Mandela died in his Johannesburg home. He was 95.

“Our nation has lost its greatest son,” South African President Jacob Zuma said in a televised address on Thursday night.

Counting himself among the millions influenced by Mandela, President Barack Obama spoke on the icon’s death.

“He no longer belongs to us. He belongs to the ages,” Obama said from the White House shortly after Zuma’s announcement.

That is why I'm going to quickly move along.

“The world’s favorite fairy tale,” Mr. Mandela’s friend and biographer Anthony Sampson once called his story. “The prisoner released from the dark dungeon, the pauper who turns out to be a prince, the bogeyman who proves to be the wizard.”

Honestly, I'm tired of propaganda pre$$ fairy tales, illusions, imagery, and all the rest of the scripted and staged show that is presented as reality. Sorry.

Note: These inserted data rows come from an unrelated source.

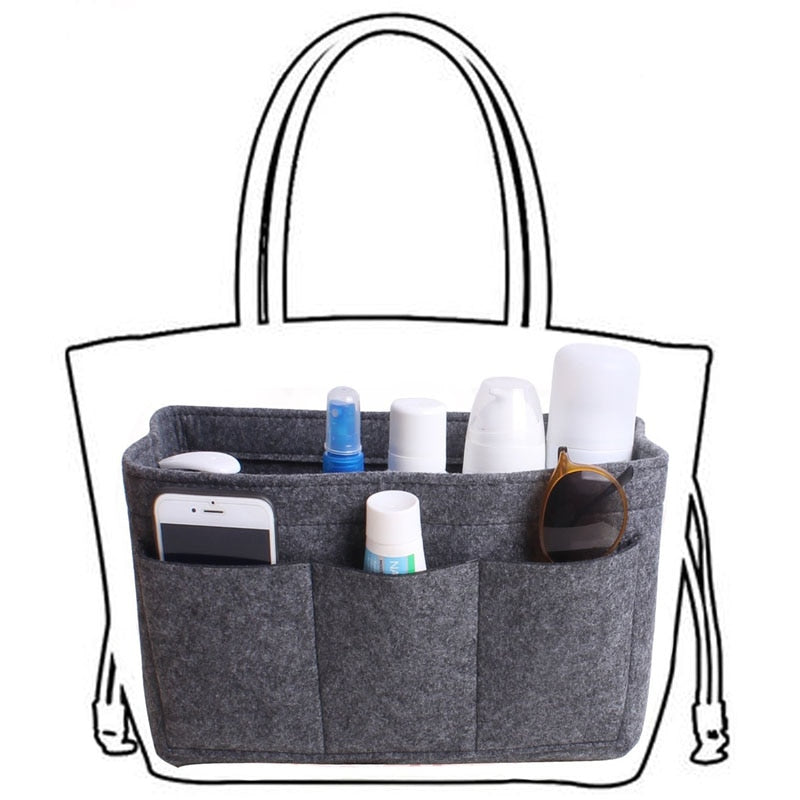 Filz Handtaschen- und Make-up-Organizer Einsatz – Kaufe 1, Erhalte 1 GRATIS Multi-Taschen Aufbewahrung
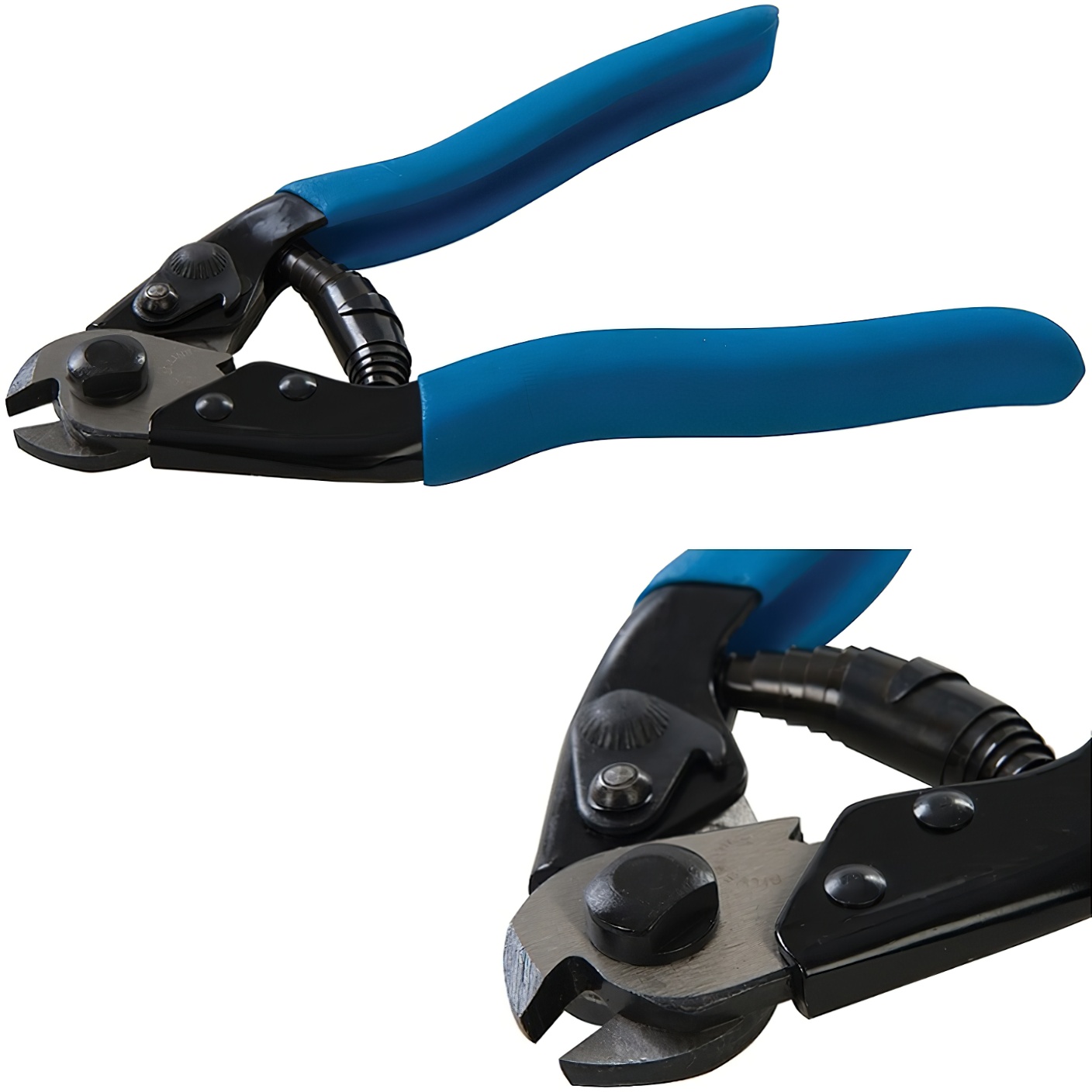 Close-up of Silverline Cable Wire Rope Cutter Pliers with blue handles.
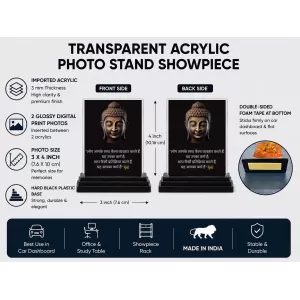 Gautama Buddha Acrylic Car Dashboard Showpiece | Double-Sided Gautama Buddha Photo Stand | 3 X 4 Inch Photo | Transparent Acrylic Frame With Black Base | Car Dashboard, Office & Table Decor (F71171)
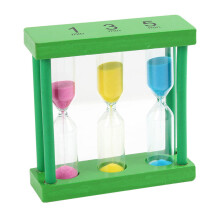 4Pièces Minuteur Original En Bois Verre Coloré Pour Enfants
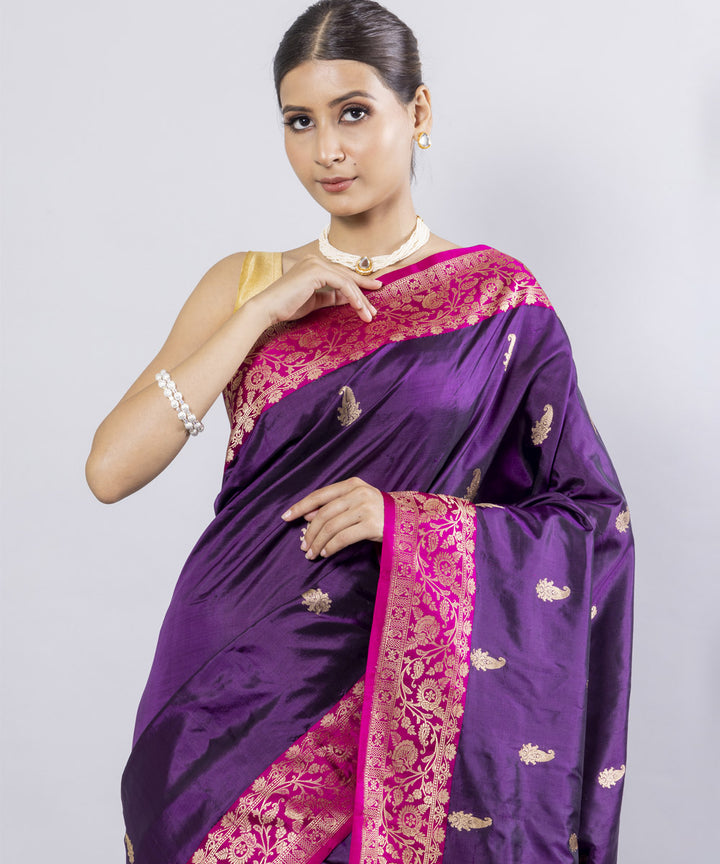 Violet pink border silk handwoven banarasi saree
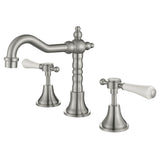 Fienza 339101BN-LF Lillian Shepherds Crook Lever Basin Set, Brushed Nickel with White Ceramic Handle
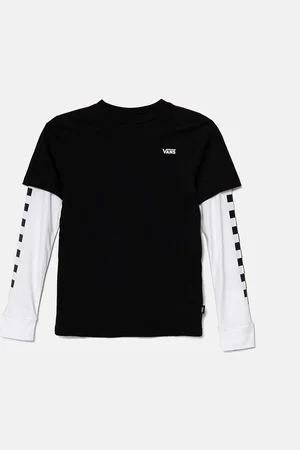 Vans Dětské bavlněné tričko s dlouhým rukávem BY LONG CHECK TWOFER barva, s potiskem, VN0A49OYBLK1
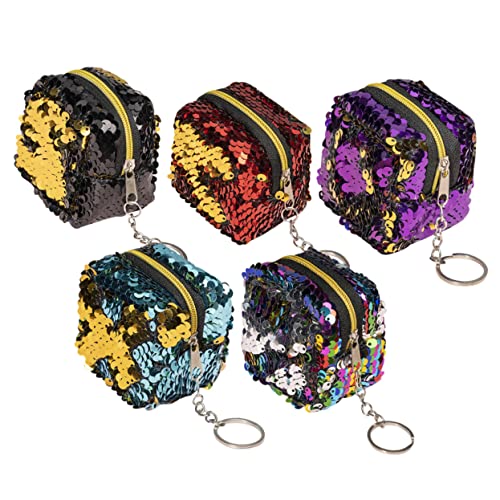 DEARMAMY 5stücke Mini-Sequin Geldbörse Rot Grün Schwarz Und Praktische Aufbewahrung Für Münzen Schmuck Und Kleine Gegenstände Leicht Und Langlebig Für Frauen Und Mädchen von DEARMAMY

It was a fairy tale of global import. Mr. Mandela’s release from prison on Feb. 11, 1990, marked the culmination of a worldwide upheaval that had begun the previous spring with the democracy movement in Tiananmen Square and continued with the fall of the Berlin Wall in November. “It was as if God had taken a hand — a new turn in world history,” de Klerk confided to his brother.

Seems like we have one of those every few years or so, about the same time the U.S. invades another country.

Even more astonishing, perhaps, than the train of events that brought Mr. Mandela to lead the nation that had so long imprisoned him was how well he met the demands of his larger-than-life role. Hidden from the world for nearly three decades, he had been mythologized into a storybook figure.

Oh, yeah, I'm also tired of the conventional myths and mythologies of the mouthpiece media.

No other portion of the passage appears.